In a way, I admire the determination shown by the flyer distributors who roam our streets every day. Braving the traffic and the weather, they flit from car to car, handing out their bits of paper. But these bits of paper are bits of paper that I do not want and do not need. I do not need to know that a huge supermarket in the suburbs is selling cans of tuna fish (which, incidentally, I dislike) at half price for one week only, I do not want to be told that I should rush to buy a shirt that will fall to pieces before the January sales and I have no interest in taking dance classes, computer classes or any other classes.
Then there are those companies who recruit people to place these handouts on your windscreen and others who send you junk mail or simply get the post office to stuff things in your letter box. The steps at my local post office are littered with these pieces of paper.
But at least these people are willing to offer something for free, even if it is a piece of paper that no one wants. There are others who want to take your money instead. They sell magazines and booklets and raffle tickets. Personally, I don’t want any of these and if I did, I wouldn’t wait to be stuck at the traffic lights before I decided to get them.
Junk mail is everywhere, and not just in printed form. I get junk emails, usually advertising certain drugs which I am happy to say I do not need, and sometimes websites, software or Rolex replicas. Other times I may receive a “Final winning notification” alerting me to the fact that, congratulations, I am a lucky winner and my email was attached to the jackpot winning lottery ticket, or sometimes an email from Ghana, Sierra Leone or Nigeria titled “Urgent Assistance” and asking me to help transfer fifteen million dollars. I also get junk text messages on my cell phone, which I pretend are from friends to make people think I am popular.
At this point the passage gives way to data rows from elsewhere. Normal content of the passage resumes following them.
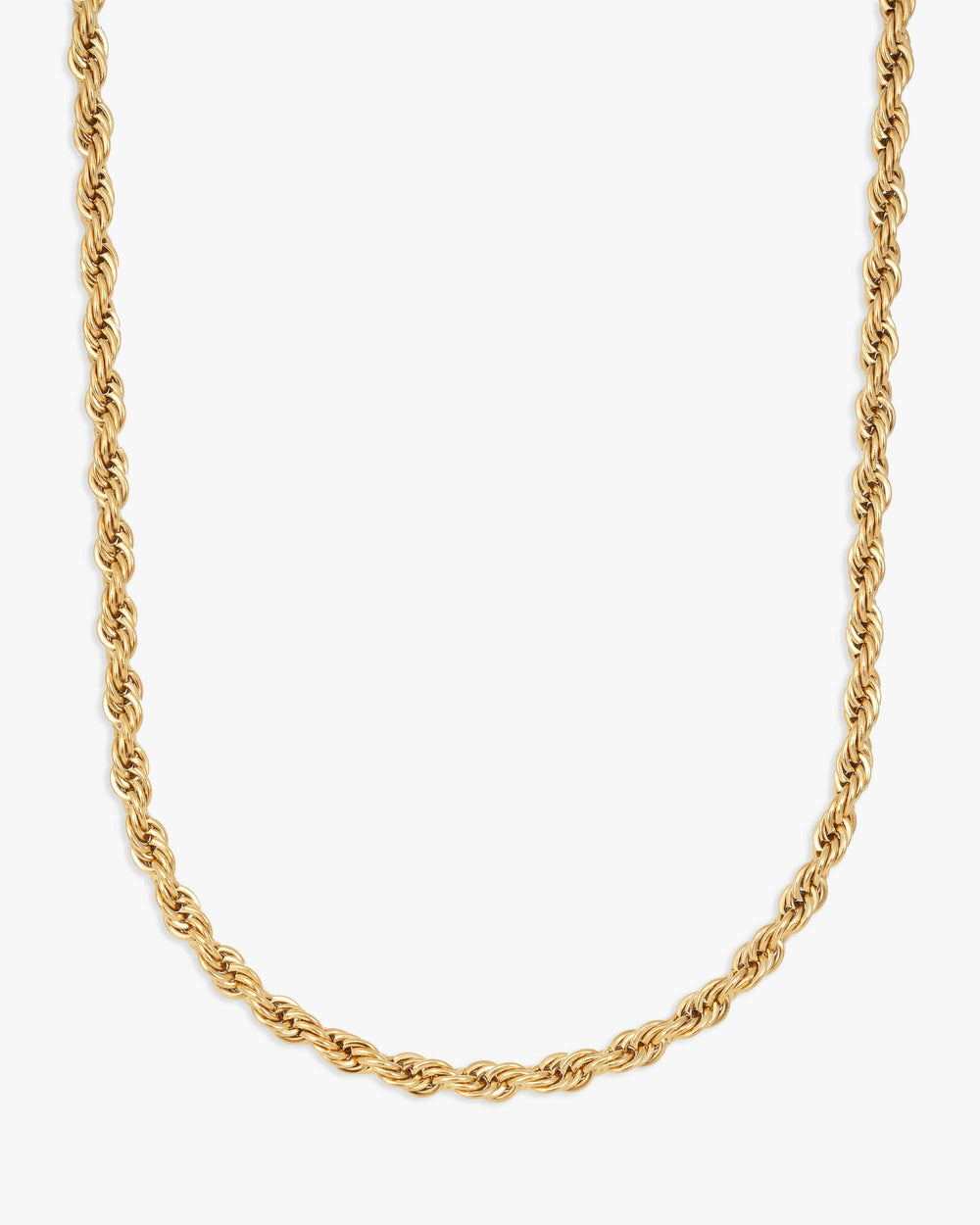 4mm rope chain 14k gold icecartel main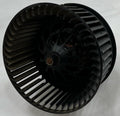 2013 Ford C-MAX Blower Motor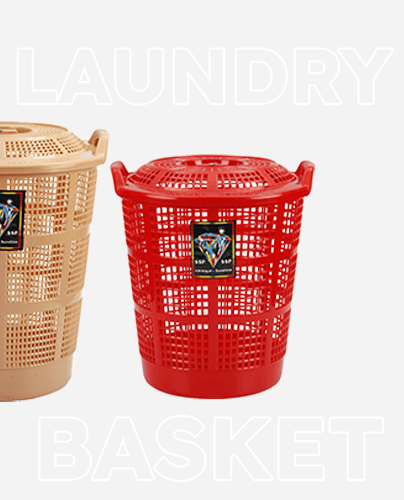 laundry-basket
Other times people come to my office or house trying to get me to give them money to the charity they’ve been paid to represent that week, while others come to sell me fruit, jars of jam or other foodstuffs (the priest who reached into his robe to take out a leg of ham was an interesting variation on a common theme- most of our priests would just ask for cash).
So I’ll make it clear to the junk mail senders, the pamphlet distributors and everyone else- I do not want to buy anything unless I know where it came from, I do not want to give money unless I know where it’s going, and I do not want to know about special offers, half price, two for ones, 10% off, fire sales, bargains, three for twos or one time onlys. Especially when the product advertised is tuna fish.